Tshwane - The Democratic Alliance's application to have the process of withdrawing South Africa from the Rome Statute of the International Criminal Court (ICC) halted is premature, the High Court in Pretoria heard on Tuesday.
"We say that it is premature and I will give reasons at the outset why we contend that it's premature. Logic is that if it's premature, and one of the several reasons is that it is before Parliament. It is being considered by Parliament," Advocate Jeremy Gauntlett for President Jacob Zuma and ministers of international relations and justice told a full bench of three judges.
"There is a motion seeking approval of the withdrawal from [the] Rome [Statute]. There is a continuing diplomatic process being conducted with the ICC itself and with ASP [Assembly of State Parties]."
Gauntlett said the relief being sought by the DA, joined by other parties including the Helen Suzman Foundation, Southern African Litigation Centre and Peace and Justice Initiative, was unprecedented.
"This is not bread and butter stuff. I will be corrected if I'm wrong but this is the first instance that I know of where a formal decision of the executive in its highest form, Cabinet, is sought to be declared invalid," said Gauntlett. "We are not saying this is a no-go area for the court. There are no no-go areas. We don't have the political questions doctrine in South Africa but what we do have is the separation of powers."
He said previous assertions made to the court, stating that South Africa was pulling out of the ICC for the sole reason of protecting Sudanese President Omar al-Bashir, wanted for war crimes, was a half truth.
"It is said that it's only President Omar al-Bashir who is at stake. No it's not. The ICC had a warrant out against President Uhuru Kenyatta [of Kenya]. We also know that there will be other heads of state who will be subjected to these proceedings," said Gauntlett.
He said instead of focusing on the prosecutions of alleged perpetrators on the continent, South Africa was focusing on brokering and maintenance of peace. "We have peacekeeping forces in the [Democratic Republic of Congo] DRC. We also have them in the Central African Republic. They are wrecked by allegations of genocide, torture and rape," he said.
"The point is simply that South Africa has adopted a particular stance before the ICC to say don't make perfection the enemy of the good. We're asking that you help us to prioritise the peace over the prosecution."

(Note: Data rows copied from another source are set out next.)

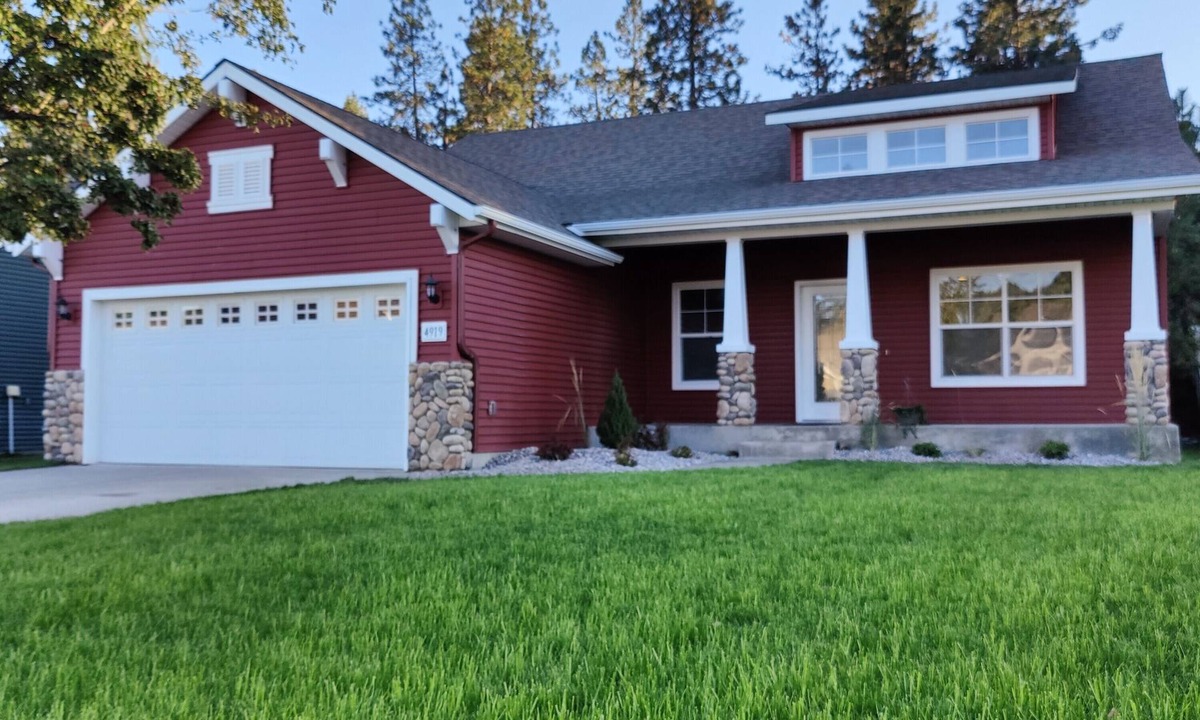 Post Falls House | Experience Your Comfy Home Base Getaway - NEW TESLA/EV CHARGER. 5-6 star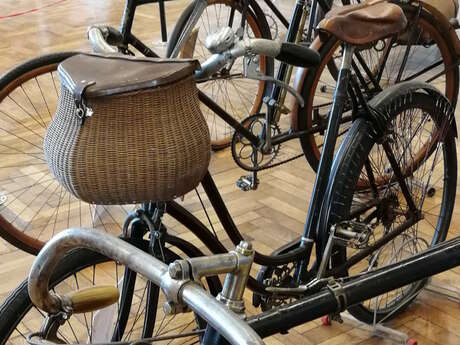 Exposition temporaire sur le thème des congés payés au Musée du Vélo du Haut Limousin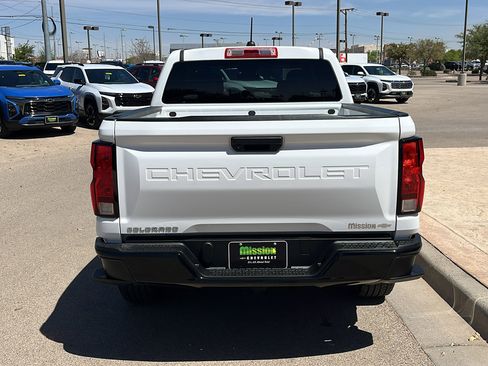 Used 2024 Chevrolet Colorado W/T image 7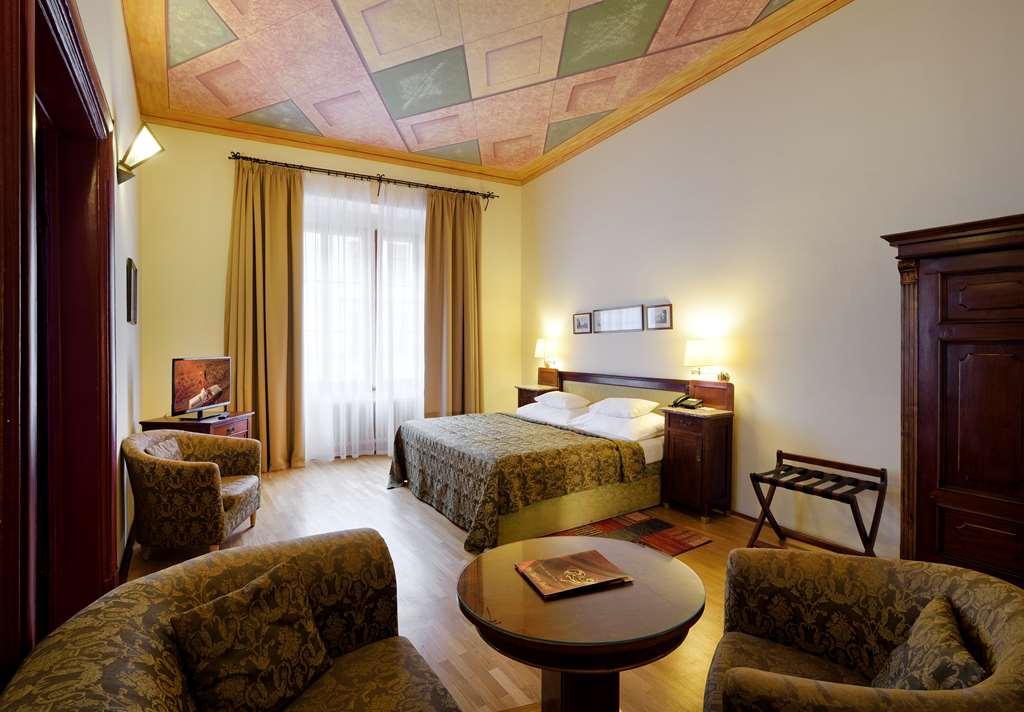Charles 4* Praha
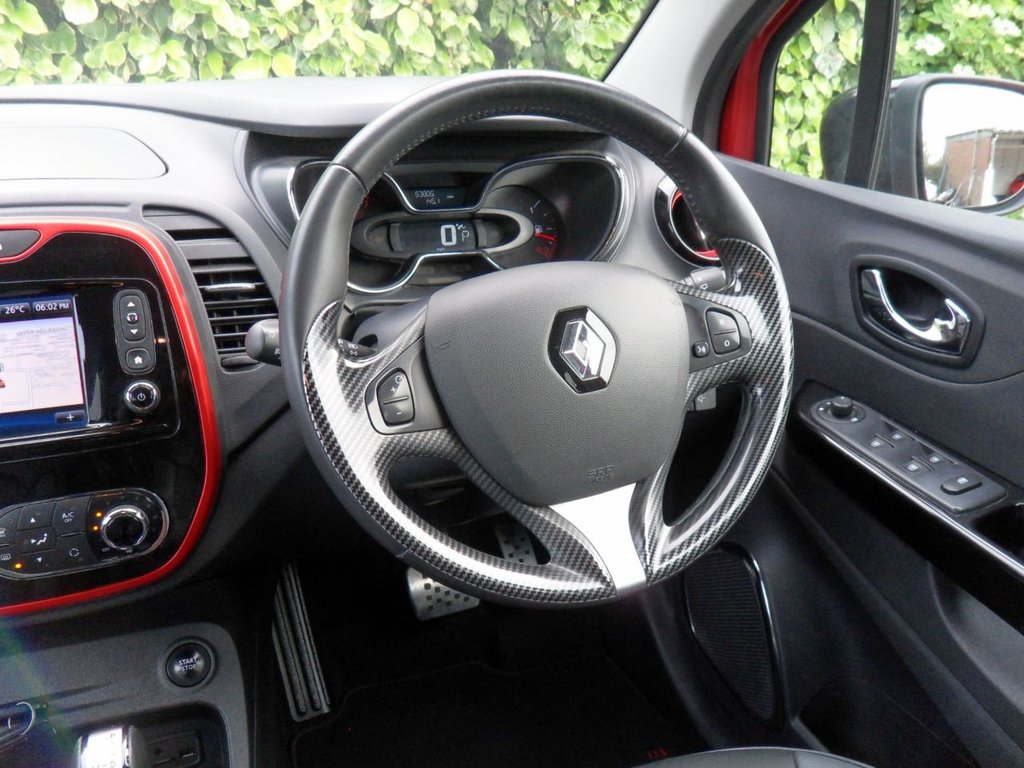 USED 2017 17 RENAULT CAPTUR 1.2 TCe ENERGY Signature Nav SUV 5dr Petrol Auto Euro 6 (s/s) (120 ps) Flame Red Gloss Black Wheels + Roof
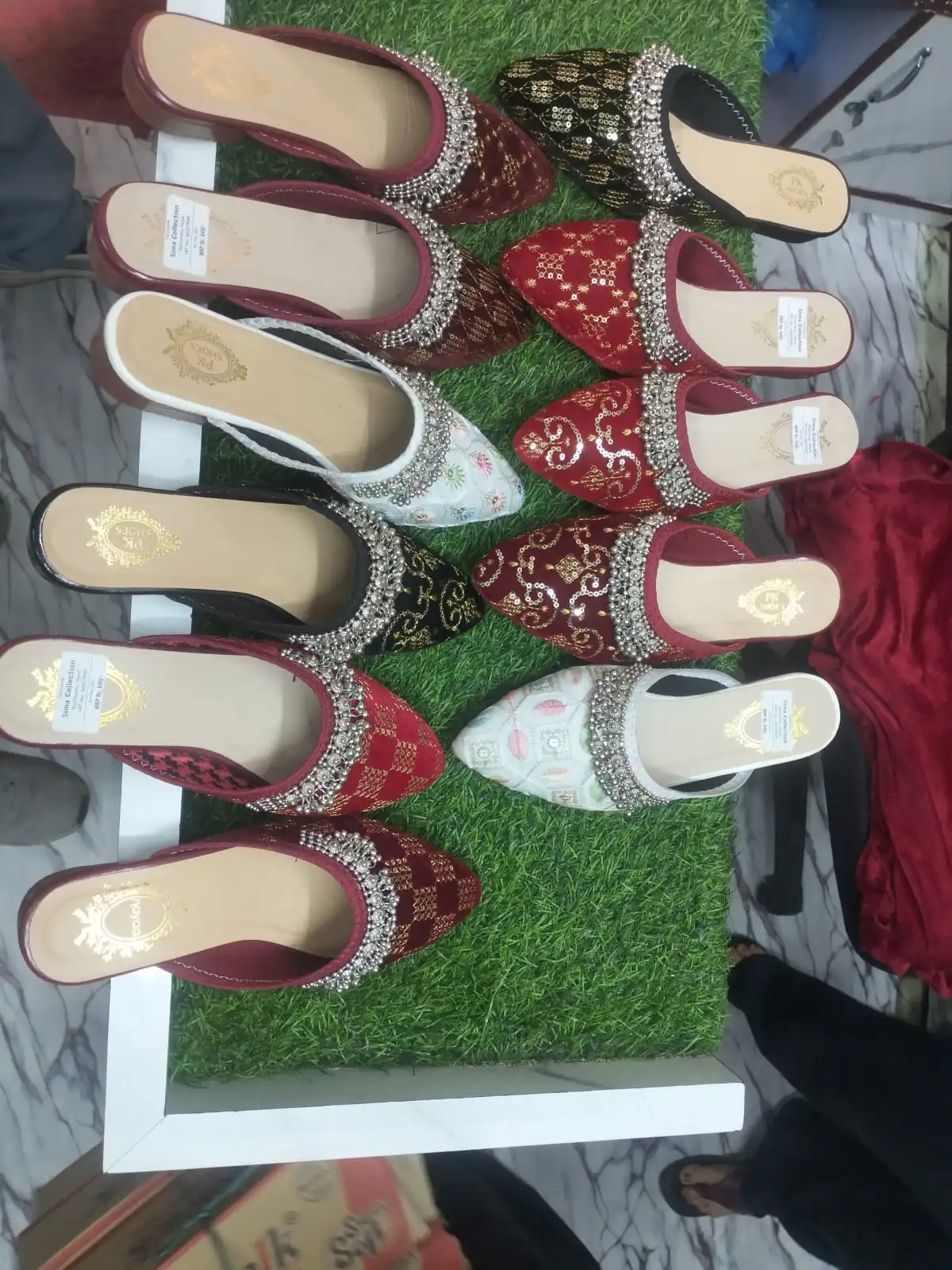 Women's Designer Jutti / Ethnic Pointed-Toe Party Wear Flats - image 4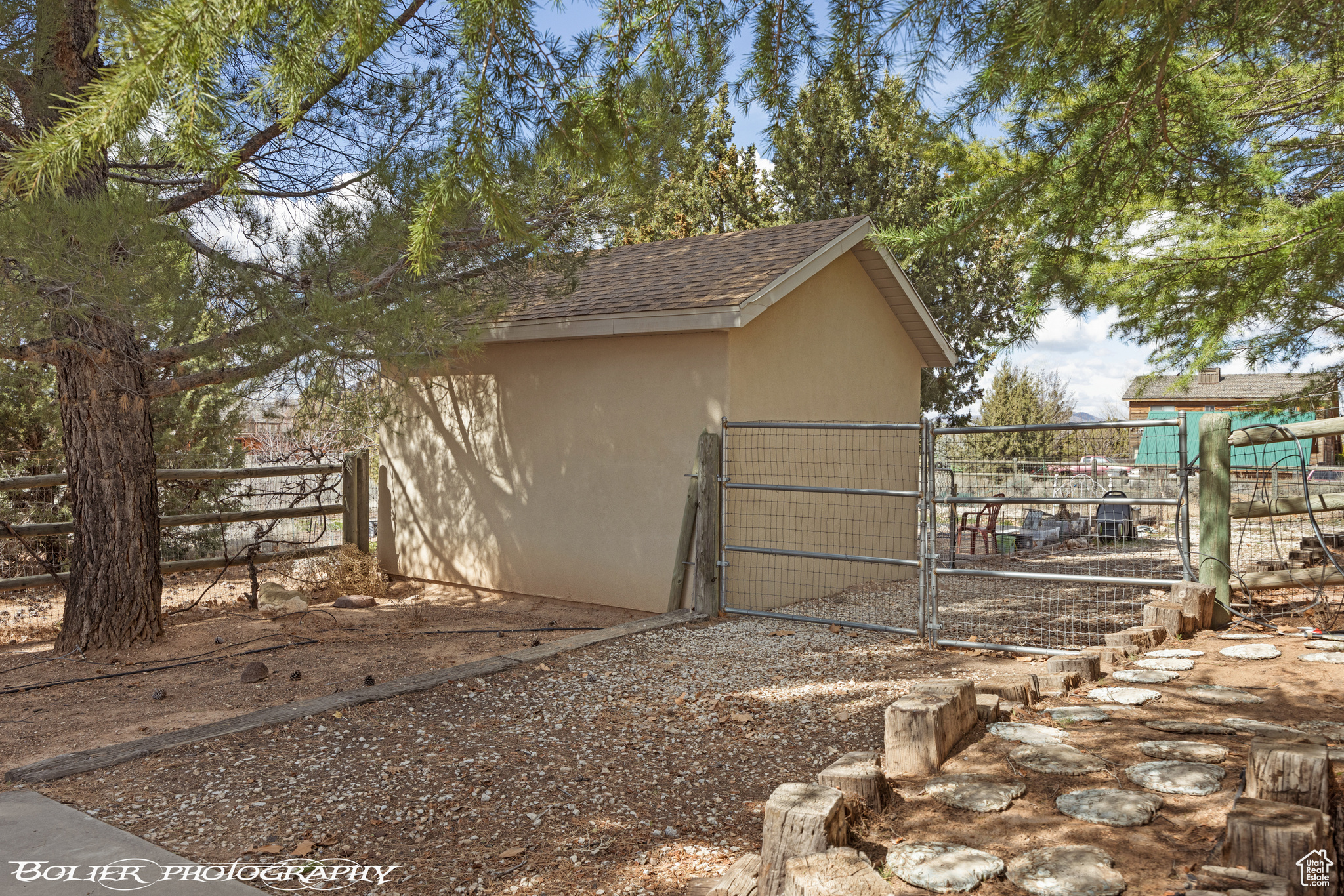 Shed and Garden Area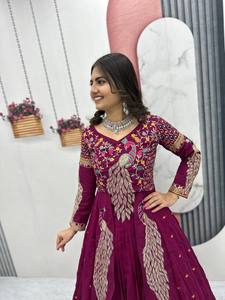 Top Corto Ecológico con Chaleco para Mujer, Ideal para Fiestas de Navratri y Diwali, Disponible a Precio de Exportación - Product Image 6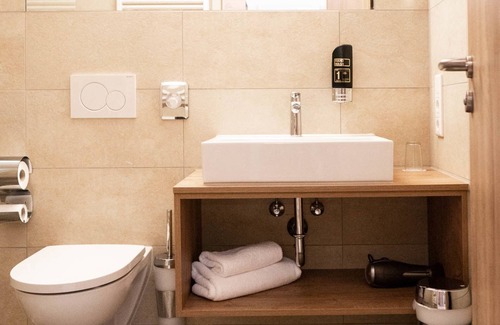 Sachsen b. Ansbach Hotel | Outstanding Rossano Hotel & Ristorante - Guest Rated 9.8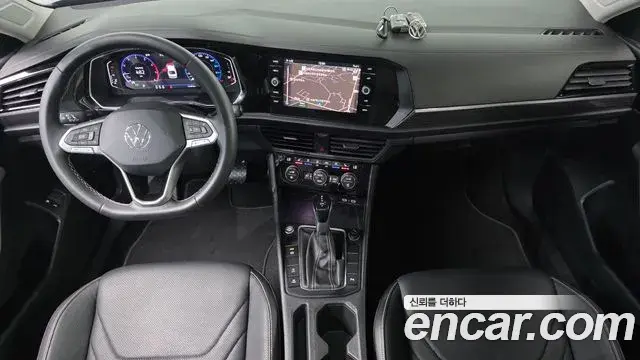 Volkswagen Jetta 2022 — Şəkil 19/32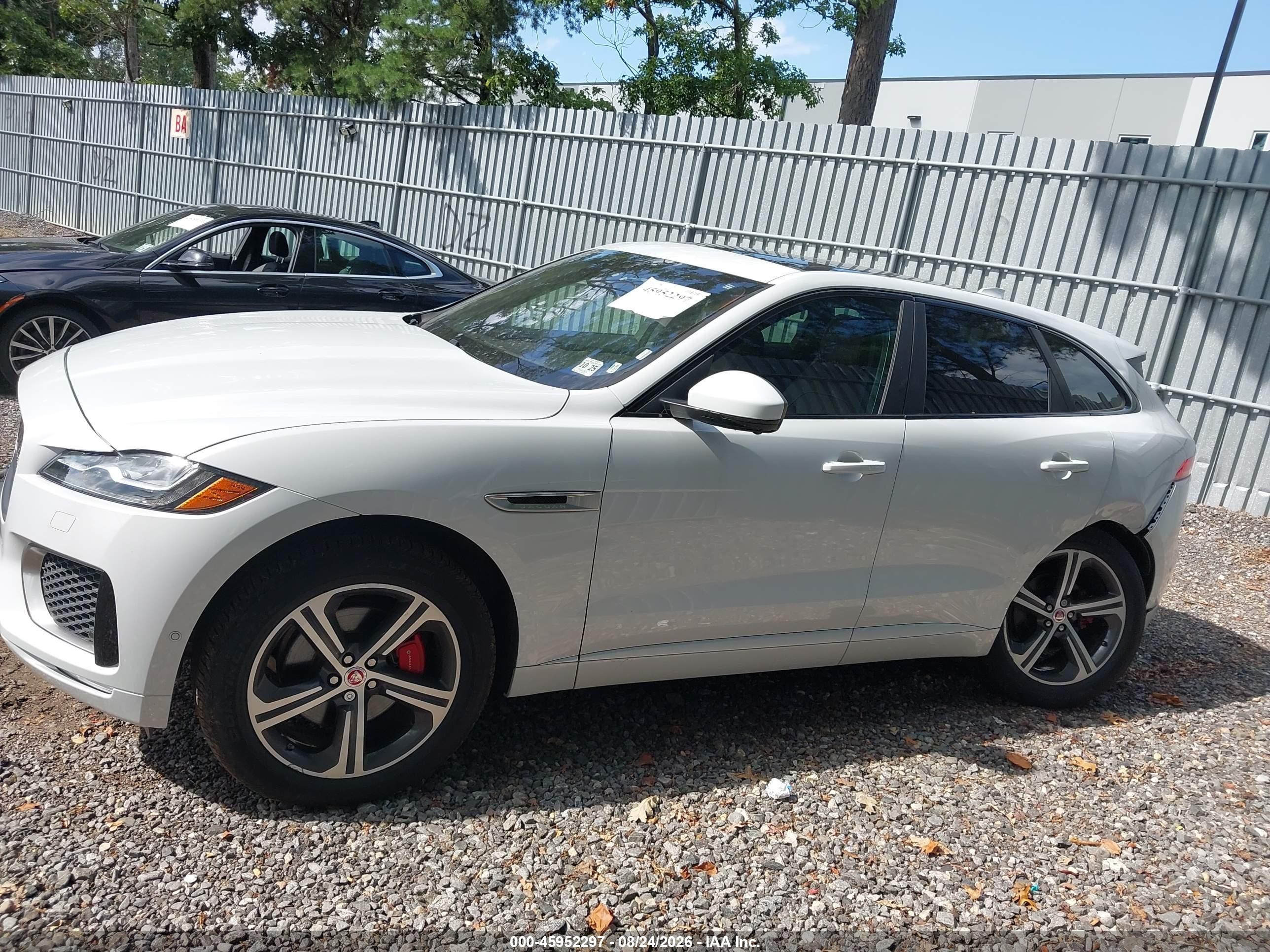 2017 Jaguar F-pace S White vin: SADCM2BV9HA079507
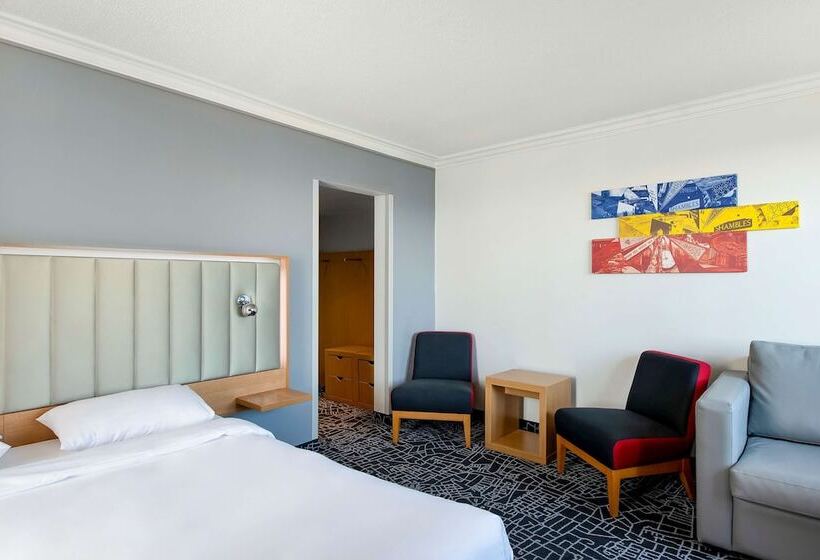 Семейный Номер, Radisson Hotel York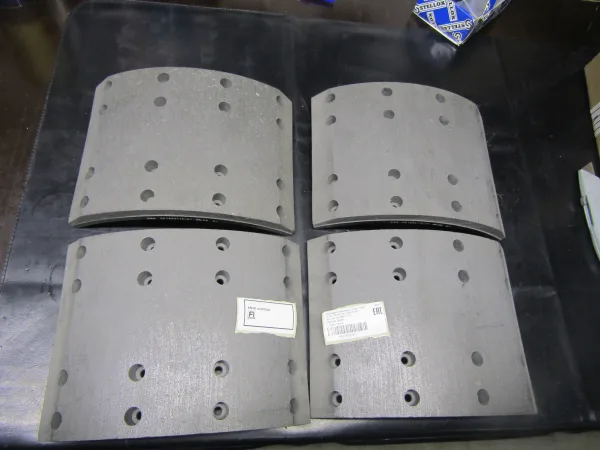 Тормозные накладки S&K GMBH SK1993110-01 413×178 мм с заклёпками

South Africa believed it was unfairly treated by the ICC when it consulted the court over the visit of Al-Bashir to South Africa in June last year.
Pretoria asked the ICC to exempt it from its requirement to arrest Al-Bashir because it said it should enjoy immunity as a sitting head of state attending an African Union summit. But the ICC rejected this request and demanded that South Africa arrest Al-Bashir, which it did not.
South Africa has complained that the ICC did not give it a fair hearing and that there was confusion within the court itself about the obligations of member states to arrest sitting heads of state of countries which are not members of the ICC – like Bashir.
In October, Justice Minister Michael Masutha announced that the South African government had informed the United Nations of its intention to withdraw from the ICC.
“Written notice to withdraw from the Rome Statute of the International Criminal Court has been submitted to the Secretary-General of the United Nations in accordance with article 127(1) of the Rome Statute of the ICC. The withdrawal will take effect one year after the Secretary-General has received the notification,” Masutha told a media briefing in Pretoria at the time.
The withdrawal of South Africa from a court which it helped found, will come into effect from October 19, 2017.
The South African government was found by South Africa’s own Supreme Court of Appeal to have failed to uphold South African law by not arresting Al-Bashir when he was in South Africa last year.